• [WHAT YOU ARE ASKED TO DO]: The required output is an exact copy of the lines from the one containing "Filename=DSCN2438.JPG" through the end of the entries below, with pictures removed.

------ DATA RECORDS ------

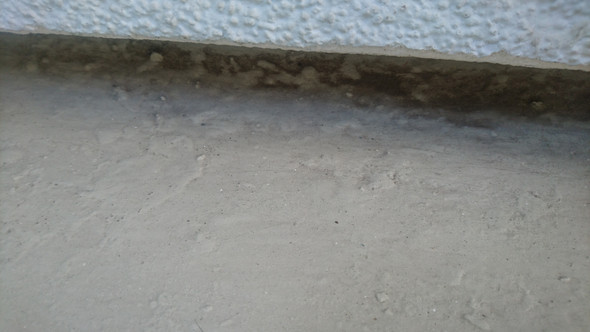 Schimmel Auf Balkon Wohnung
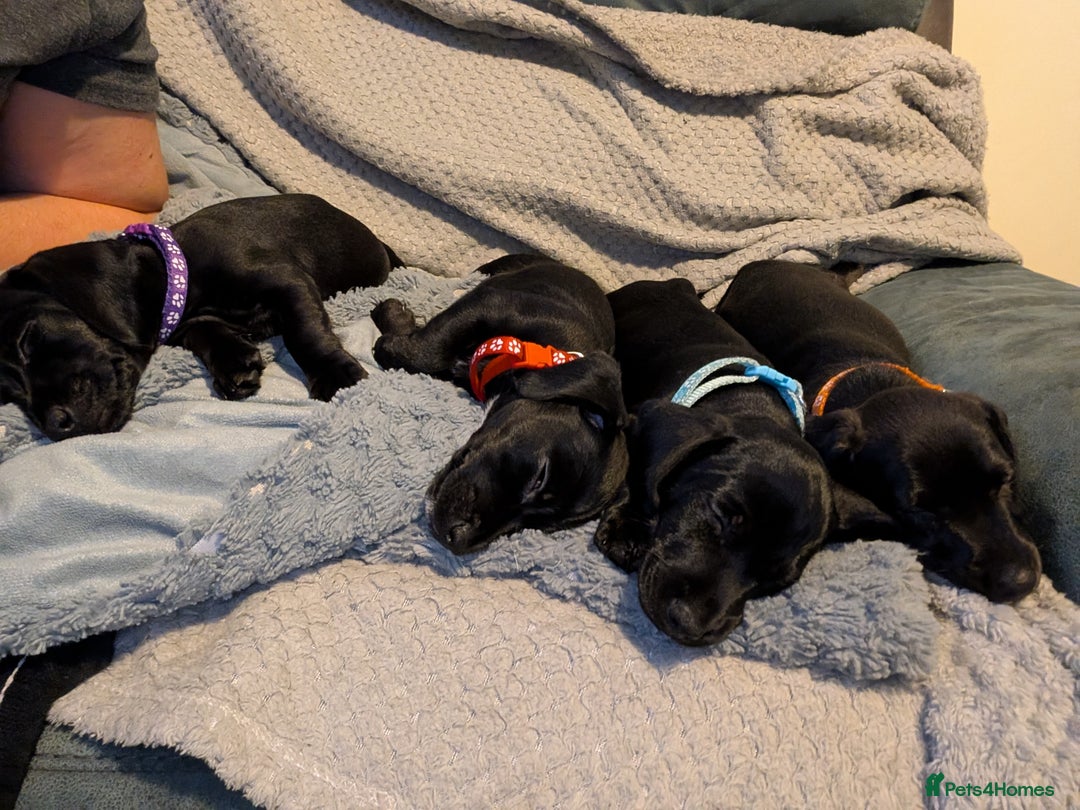 Mixed Breed dogs for sale: Doxie-Dales ready now - Image 30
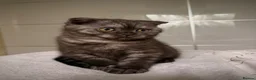 Scottish Fold cats for sale: Adorable Scottish Fold🐾 - Advert 3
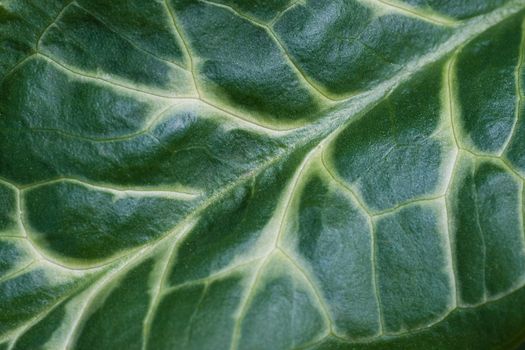 Leaf of Lords and Ladies in close view 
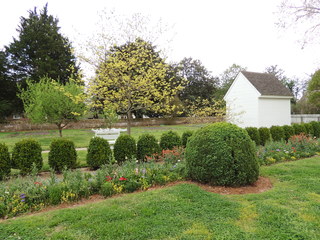 Filename=DSCN2438.JPG
Filesize=4979KiB
Dimensions=4608x3456
Date added=Sep 19, 2019 DSCN2438.JPG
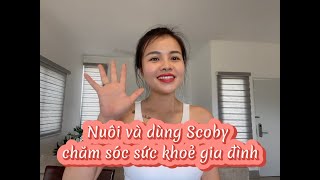 Nuôi và dùng Scoby (Kombucha) chăm sóc sức khoẻ gia đình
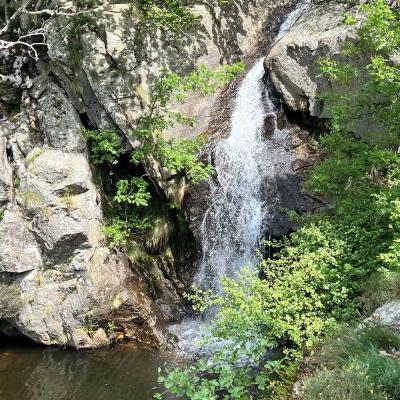 Mai 14 15 Rando Espinouse Au Caroux 92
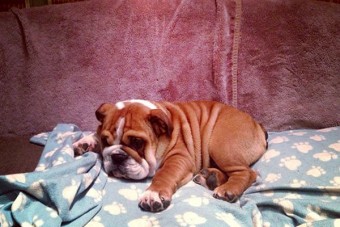 F1: Hamilton paddockbelépőt kér a kutyájának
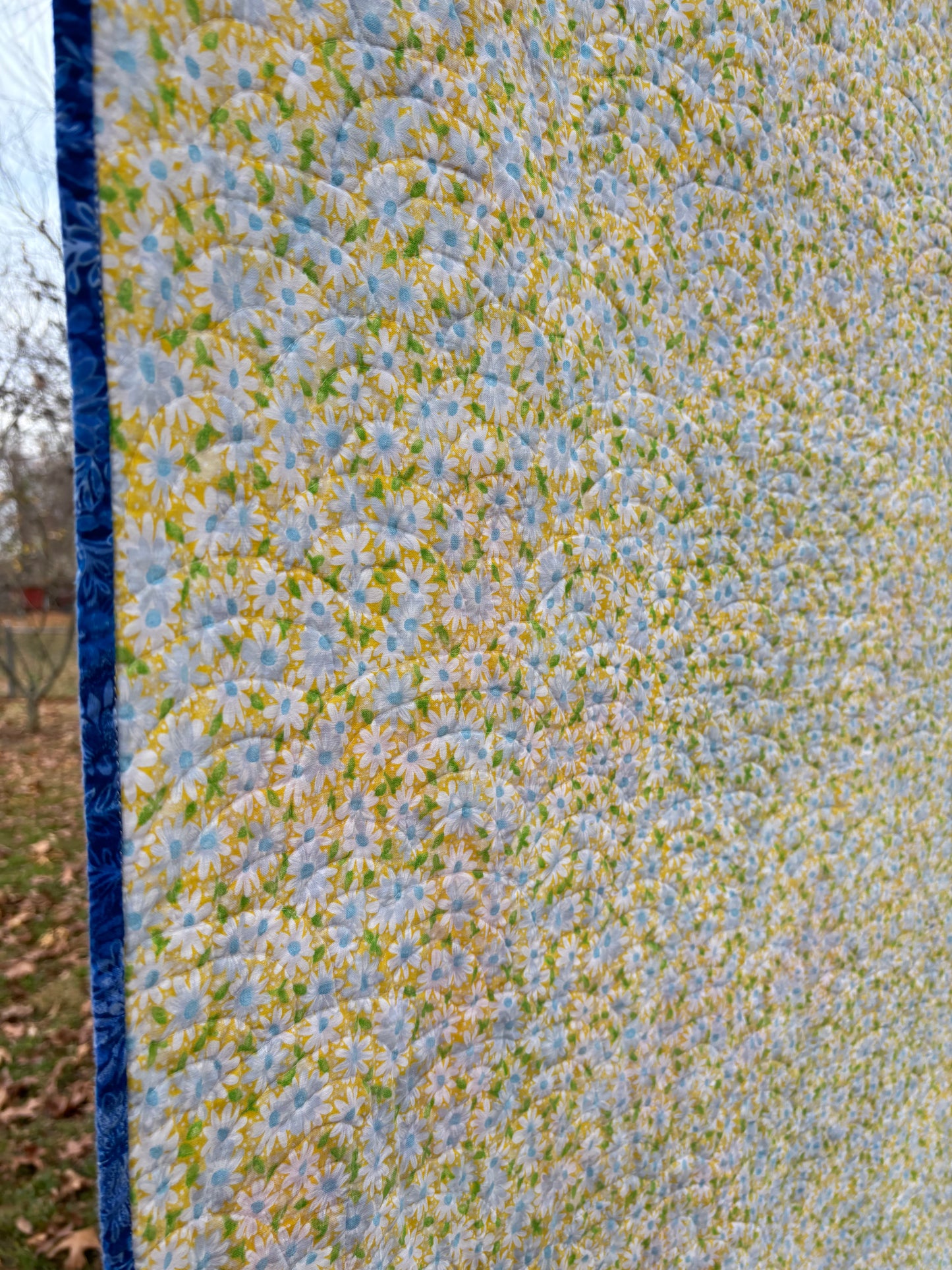 Shine On Sampler Quilt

------

• [EXERCISE ANSWER]:
 Filename=DSCN2438.JPG
Filesize=4979KiB
Dimensions=4608x3456
Date added=Sep 19, 2019 DSCN2438.JPG
 Nuôi và dùng Scoby (Kombucha) chăm sóc sức khoẻ gia đình
 Mai 14 15 Rando Espinouse Au Caroux 92
 F1: Hamilton paddockbelépőt kér a kutyájának
 Shine On Sampler Quilt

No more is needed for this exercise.